Streaming k-means on well-clusterable data

One of the central problems in data-analysis is k-means clustering. In recent years, considerable attention in the literature addressed the streaming variant of this problem, culminating in a series of results (Har-Peled and Mazumdar; Frahling and Sohler; Frahling, Monemizadeh, and Sohler; Chen) that produced a (1 + ε)-approximation for k-means clustering in the streaming setting. Unfortunately, since optimizing the k-means objective is Max-SNP hard, all algorithms that achieve a (1 + ε)-approximation must take time exponential in k unless P=NP. Thus, to avoid exponential dependence on k, some additional assumptions must be made to guarantee high quality approximation and polynomial running time. A recent paper of Ostrovsky, Rabani, Schulman, and Swamy (FOCS 2006) introduced the very natural assumption of data separability: the assumption closely reflects how k-means is used in practice and allowed the authors to create a high-quality approximation for k-means clustering in the non-streaming setting with polynomial running time even for large values of k. Their work left open a natural and important question: are similar results possible in a streaming setting? This is the question we answer in this paper, albeit using substantially different techniques. We show a near-optimal streaming approximation algorithm for k-means in high-dimensional Euclidean space with sublinear memory and a single pass, under the same data separability assumption. Our algorithm offers significant improvements in both space and running time over previous work while yielding asymptotically best-possible performance (assuming that the running time must be fully polynomial and P ≠ NP).
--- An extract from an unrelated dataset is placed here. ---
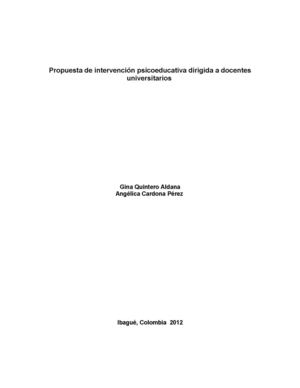 Propuesta de intervención psicoeducativa dirigida a docentes universitarios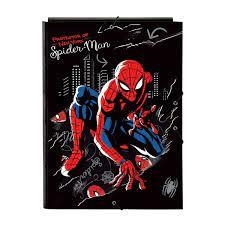 CARPETA SOLAPES SPIDERMAN NEGRA | 8412688510139 | ANF512343068 | Llibreria La Gralla | Llibreria online de Granollers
The novel techniques we develop along the way imply a number of additional results: we provide a high-probability performance guarantee for online facility location (in contrast, Meyerson's FOCS 2001 algorithm gave bounds only in expectation); we develop a constant approximation method for the general class of semi-metric clustering problems; we improve (even without σ-separability) by a logarithmic factor space requirements for streaming constant-approximation for k-median; finally we design a "re-sampling method" in a streaming setting to convert any constant approximation for clustering to a [1 + O(σ2)]-approximation for σ-separable data.